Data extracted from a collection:
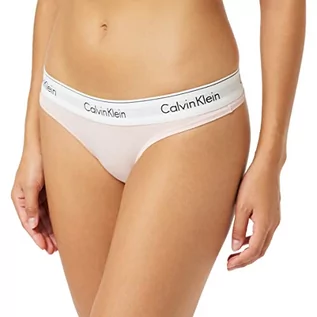 Majtki damskie - Calvin Klein stringi Majtki typu tanga Mężczyźni , Różowy (Nymphs Thigh) , S - grafika 1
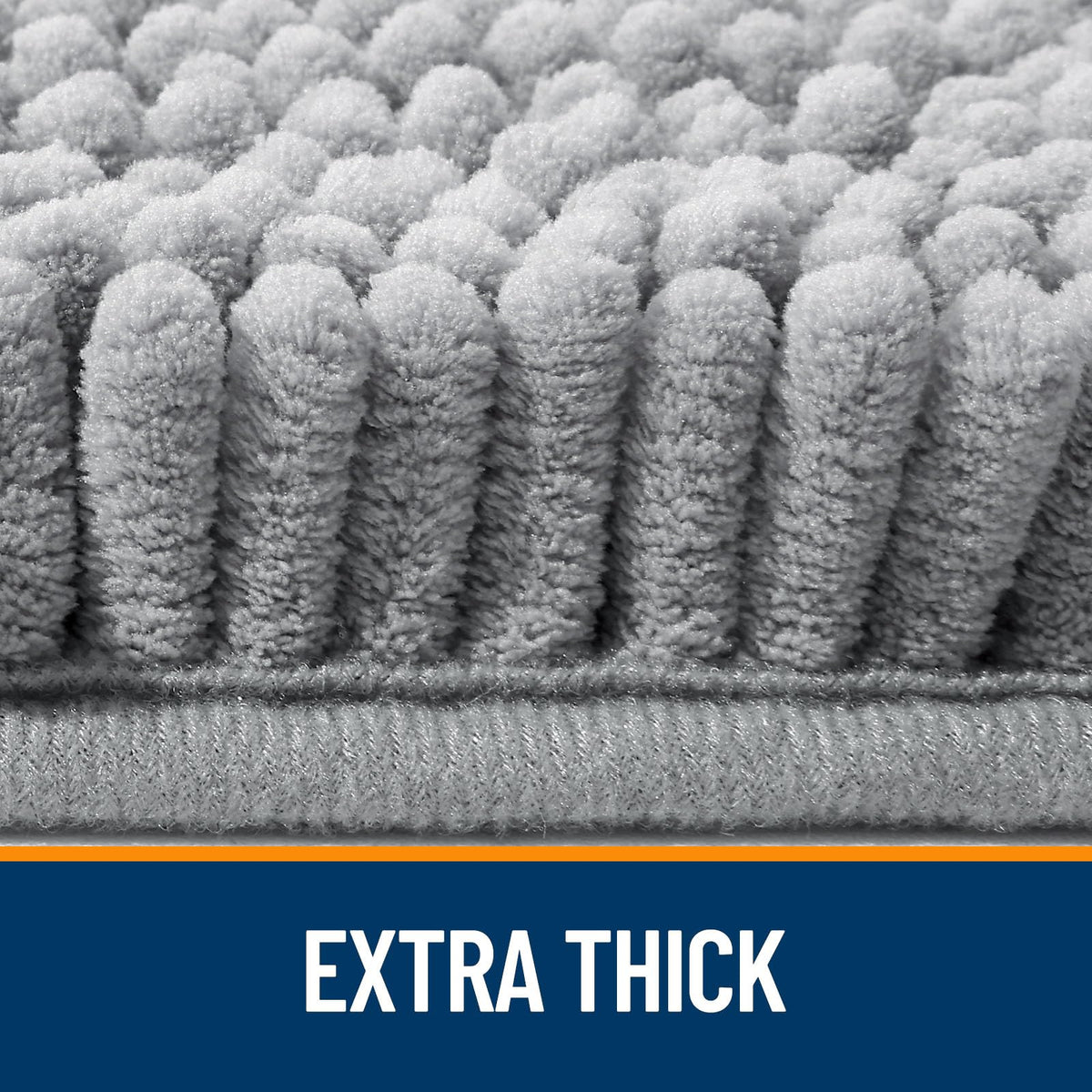 OLANLY rug with rubber backing provides stable grip on dry floors.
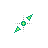 diagonal resize 2 green cursor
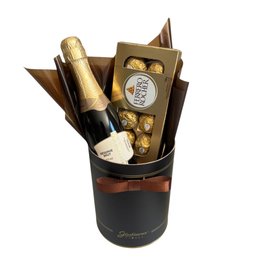 Imagem de Cachepot Chandon Brut com Ferrero Rocher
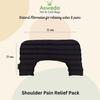 Asweda Hot & Cold Reusable Wheat Bags for Shoulder Pain Relief. Natural Therapy, Microwaveable. Chemical Free Pain Relief & Relaxation. Muscle, Joints, Swelling, Injuries | Heating, Ice Pack (Blue) view 4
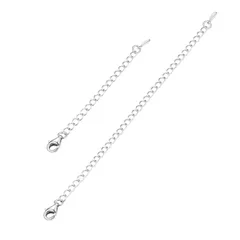 【新着商品】アジャスターチェーン シルバー925 5cm 10cm 2本セット ネックレス 延長 調整用 金属アレルギー対応 アクセサリー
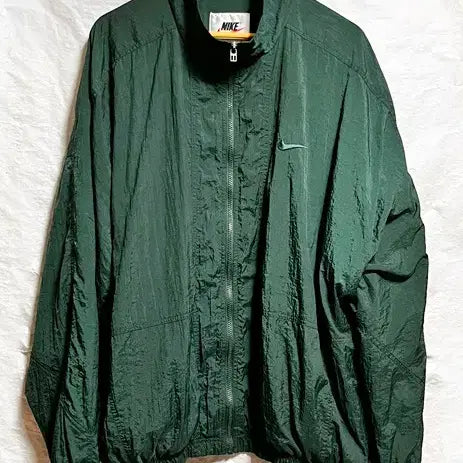 [BUNJANG] Nike Vintage Green Woven Windbreaker Jacket XXL / 아메리카 빈티지 나이키 그린 우븐 바람막이 자켓 빅사이즈 xxl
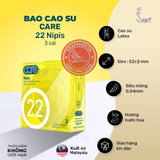 (Snapshop) Bao Cao Su Siêu Mỏng CARE 22 Nipis Hương Nước Hoa Chính Hãng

* **WHAT IS NEEDED**
Retype only the lines from the one with "調整用 金属アレルギー対応 アクセサリー" through the final line of the entries, please, and keep the pictures out.

* **SOLUTION TO THE PROBLEM**
 【新着商品】アジャスターチェーン シルバー925 5cm 10cm 2本セット ネックレス 延長 調整用 金属アレルギー対応 アクセサリー
 [BUNJANG] Nike Vintage Green Woven Windbreaker Jacket XXL / 아메리카 빈티지 나이키 그린 우븐 바람막이 자켓 빅사이즈 xxl
 (Snapshop) Bao Cao Su Siêu Mỏng CARE 22 Nipis Hương Nước Hoa Chính Hãng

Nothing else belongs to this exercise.